Le diagnostic de la PC repose sur l'identification des troubles du mouvement et de la posture, ainsi que sur l'évaluation des capacités fonctionnelles des membres affectés. Une évaluation minutieuse de la fonction motrice est primordiale et doit inclure la détermination du niveau global de fonction motrice et le respect des directives établies par la Haute Autorité de santé pour garantir des procédures d’évaluation standardisées [9].

Les signes d’alerte incluent l'hypotonie, les difficultés alimentaires, les troubles du regard, et la lenteur des progrès moteurs.

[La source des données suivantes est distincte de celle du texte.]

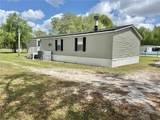 15840 100TH Avenue - Photo 34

Vers un an, les présentations cliniques peuvent varier, incluant des troubles du maintien postural, des raideurs des membres inférieurs, et une mobilité spontanée faible et mal organisée [6].

Interventions recommandées

Les interventions précoces sont essentielles pour optimiser les compétences motrices et cognitives des enfants atteints de PC. Elles incluent la kinésithérapie et l'ergothérapie, qui visent à initier le mouvement de l’enfant, à pratiquer des tâches spécifiques et à adapter l’environnement pour stimuler ses activités. Les méthodes « Learning Game Curriculum », CIMT (Constraint-Induced Movement Therapy) et GAME (Goal-Directed Training) sont également recommandées [5].

Pour la communication, il est important de favoriser le langage et les interactions parents-enfants, ainsi que l'orthophonie en cas de langage inadéquat [5]. La prévention des morbidités secondaires et la minimisation des complications incluent l'analgésie, la radiographie des hanches, le traitement antiepileptique, l'évaluation ophtalmologique, et l'optimisation nutritionnelle [5].

Les programmes de guidance parentale, tels que Baby Ubuntu, sont également recommandés. Ces programmes en groupe, animés par des pairs et des professionnels formés, mettent l'accent sur l’inclusion communautaire et le soutien entre familles [7].

Cadre légal et droits

La nécessité de soins spécialisés chez les enfants et adolescents âgés de 2 à 18 ans présentant une paralysie cérébrale ou un polyhandicap a abouti à l’intervention de la Haute Autorité de la Santé (HAS) pour intégrer celle-ci dans le code de la sécurité sociale. Les interventions précoces en rééducation doivent commencer dès que les signes cliniques sont objectivement observés par les équipes médicales [9].

Les séances de kinésithérapie peuvent parfois se dérouler sur le temps scolaire pour limiter la fatigue de l'enfant. Ces aménagements doivent être formalisés dans le cadre d'un Projet d'Accueil Individualisé (PAI) ou un Projet Personnalisé de Scolarisation (PPS) [10].